From recognizing the role that arts practice has had in the development of humankind to how we frame contemporary arts practice, this first chapter considers the role of art and artists and the way that the arts have been framed over the last century. It takes into consideration the latest critical perspectives, drawing into the conversation how the arts are framed and viewed into the 21st century.
Historical approaches to the study of leadership set the scene for understanding a specific context for leadership – that is, the arts. This chapter addresses the way leadership is seen and understood, and includes different models and approaches to leadership such as heroic, transactional, transformational, charismatic, participative, collaborative and shared. Examples of how these models are manifested in the arts sector are considered. There are also new directions and contributions from the critical leadership literature about leadership and space, aesthetic and embodied leadership and entrepreneurial leadership.
What Do We Understand by the Arts and Its Place/Role?

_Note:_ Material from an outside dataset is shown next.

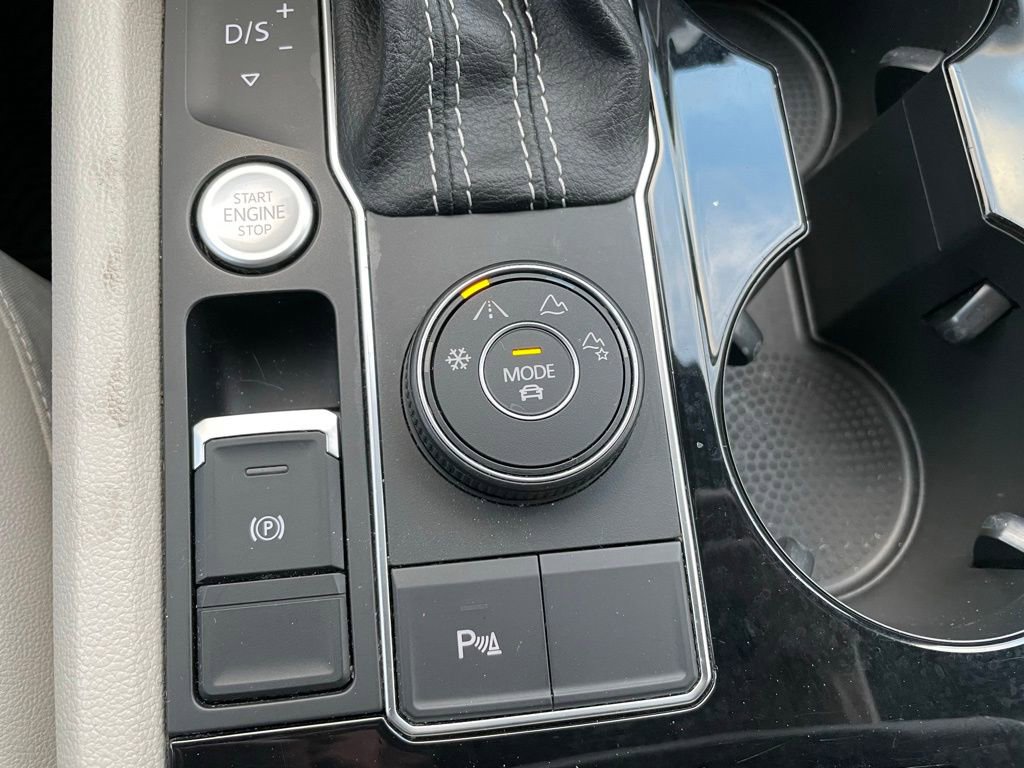 Used 2022 Volkswagen Atlas SE image 15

Arts practice has been recorded as being part of the human condition for thousands of years since the revelation of cave paintings. The earliest examples of cave art are traced back over 35,000 years and are believed to be located in Indonesia (Marchant 2016). Over centuries, people have recorded their existence, described their practices, honored their gods and heroes, and developed ways of celebrating their lives through arts and cultural practices in their many different forms. Arts and cultural practices were seen in older societies as the way they honored their forefathers or as a means of teaching the young about the nature of life. French prehistorian Jean Clottes observes that “the sparks of artistic creativity can be traced back to our earliest ancestors … Wherever you find modern humans … you’ll find art” (Clottes quoted by Marchant 2016).

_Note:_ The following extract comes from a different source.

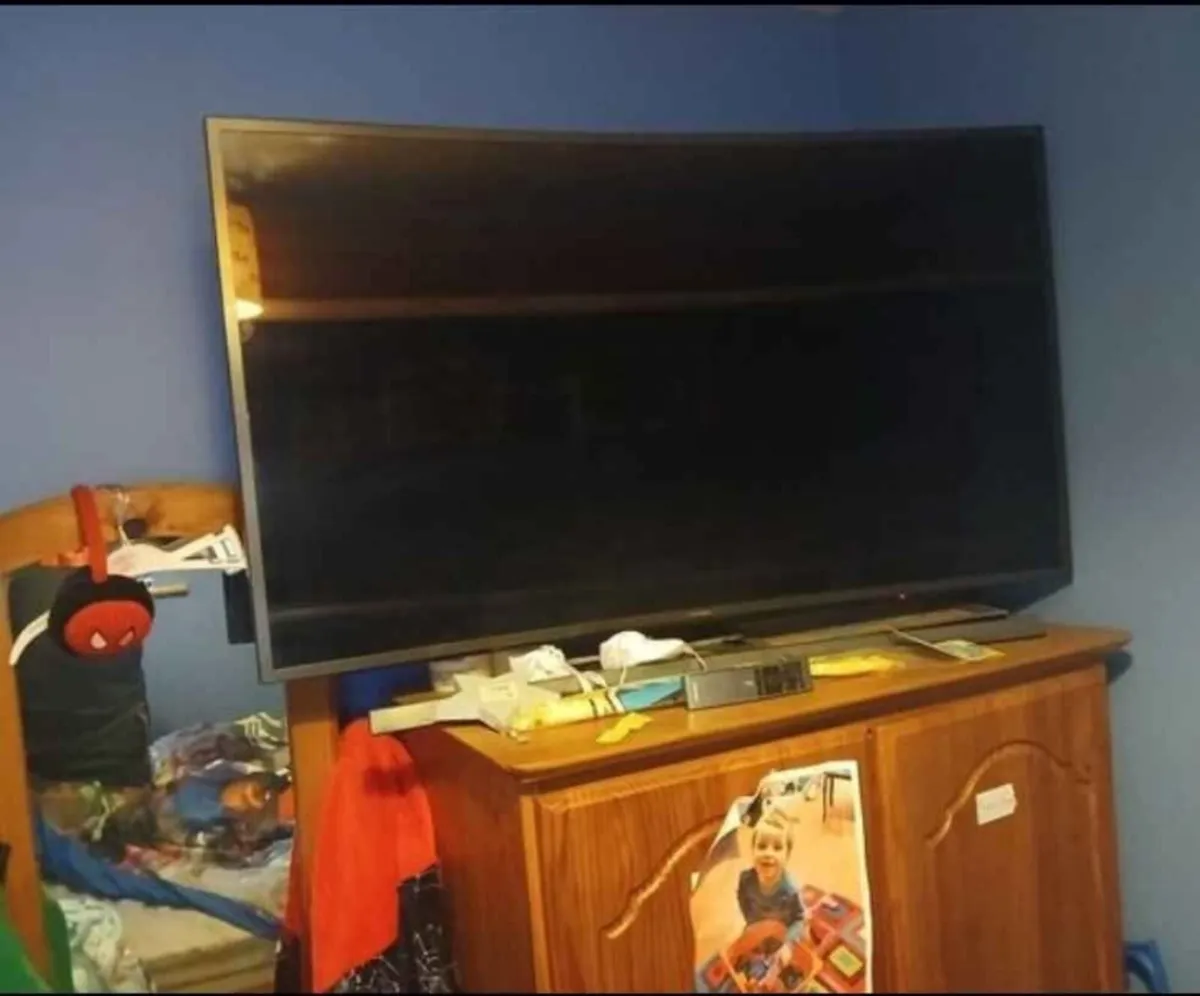 Samsung smart tv curves - Image 1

The Australian Aborigines, for example, use dance, story-telling, music, artefacts and pictures to pass on their heritage from one generation to another, explaining the meaning of life along the way (Horne 1986). Similarly, in many Asian societies arts and cultural practices are still part of everyday life and there is no disconnect between the practice of art and the lived experience. In relation to different societies in Asia, de Leon notes:
From ritual vessels to hunting tools, textiles to masks, and epic poetry to rhythmic dances we witness a plethora of patterns and designs, an endless variety of expressive forms … the infusion of everyday life, phenomena and activities with sacred values, the integration of use and function in everyday objects and activities, the oral transmission of knowledge, or non-linear – particularly polychromic – concepts of time.(de Leon 2016: 37)

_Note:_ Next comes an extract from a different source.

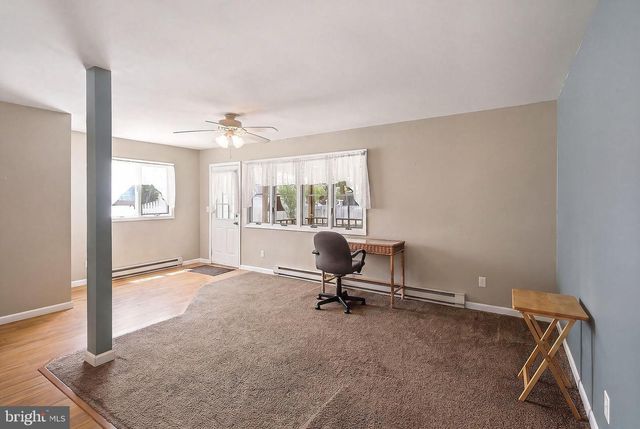 72 ROSALYN DR, Manahawkin, NJ 08050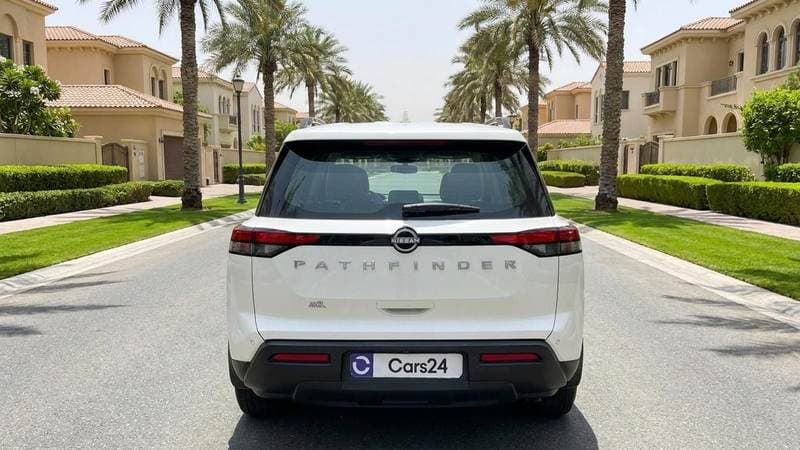 2023 Nissan Pathfinder S thumbnail 4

Art and cultural practices are integrated with the survival and development of humanity and have enormous significance for the participants and the observers. They present a rich picture of how a society is integrated with its culture and art-making. In Western culture, though, the commodification and separation of art from mainstream society over the past hundred years has produced a gap between the production of art and many people’s experience of it.
The making of art and its place in Western society has attracted theorists from many different disciplines across both the social sciences and the humanities. An interdisciplinary approach can present quite different perspectives on what art is, who makes it and how it is valued in society. Linking concepts around art and leadership is also doing this, as it is an exercise in connecting different disciplines of thought and practice which at times may conflict with each other. There are views here about art that come from economic, political, psychological, sociological and historical perspectives.
The art historian John Berger, referencing the work of philosopher Walter Benjamin, notes how ‘art’ in Western society is the preserve of those in power, whether it be the Church, the ruling classes or, in contemporary society, the corporation and the state (Berger 1972: 32). In the Western model, there may be a tendency to frame arts practice into an elevated position and make it special and superior. Thus, arts practice is seen in an elitist context and the organizations that are involved with it then reflect this notion (e.g. opera houses, art museums). Arts infrastructure is expensive to build and often expensive to visit. The political theorist Karl Marx notes:
Production therefore creates the consumer… . An object d’art creates a public that has artistic taste and is able to enjoy beauty – and the same can be said of any other product. Production accordingly produces not only an object for the subject, but also a subject for the object.(Marx 1857 translated by Ryazanskaya 1971)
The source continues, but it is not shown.